WHAT THE TASK ASKS =>
This task calls for the lines below starting at the one containing "Paul Verhagen, director" and ending at the one containing "شقة 5 غرف في المربع 13", repeated exactly with both ends kept and pictures left out.

DATA TO EXAMINE =>

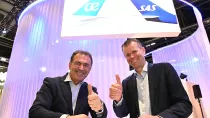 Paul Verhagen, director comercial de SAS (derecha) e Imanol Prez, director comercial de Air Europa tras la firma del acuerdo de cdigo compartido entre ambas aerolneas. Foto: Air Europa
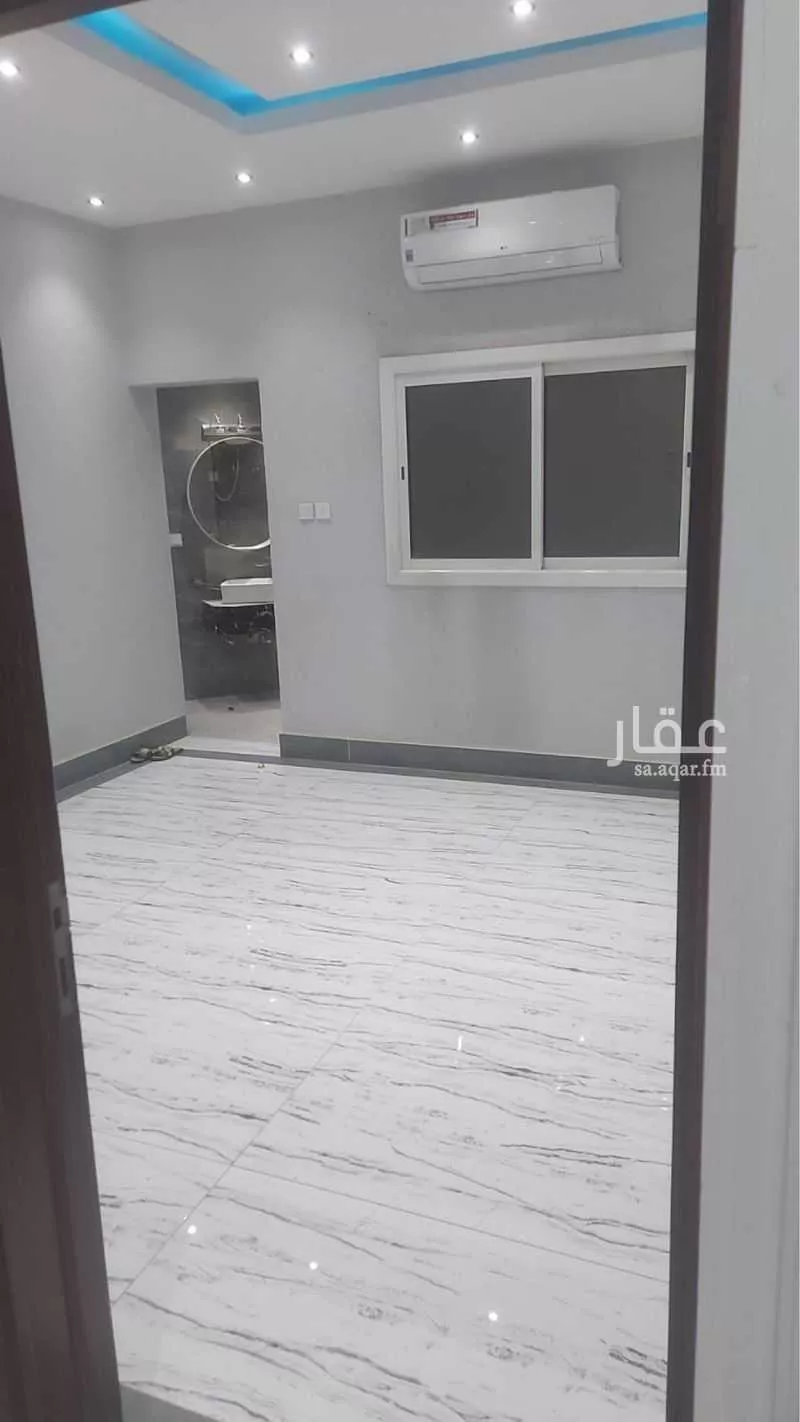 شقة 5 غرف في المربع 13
==
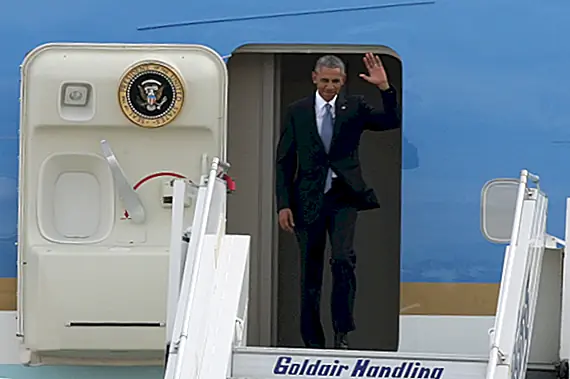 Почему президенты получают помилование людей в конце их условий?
==
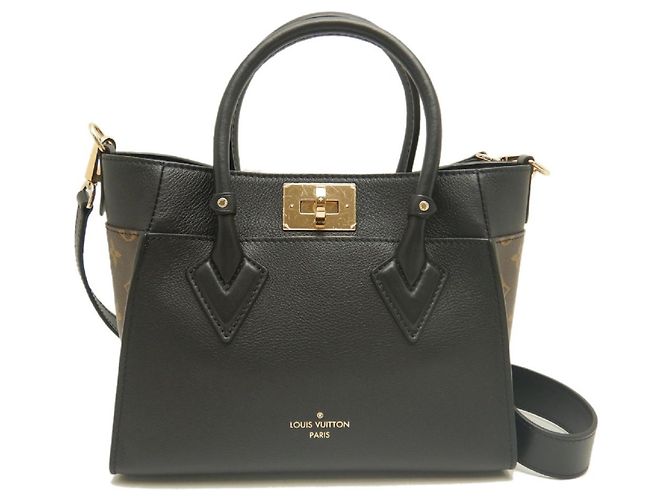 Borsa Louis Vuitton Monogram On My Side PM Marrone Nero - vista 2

RESULT =>
 Paul Verhagen, director comercial de SAS (derecha) e Imanol Prez, director comercial de Air Europa tras la firma del acuerdo de cdigo compartido entre ambas aerolneas. Foto: Air Europa
 شقة 5 غرف في المربع 13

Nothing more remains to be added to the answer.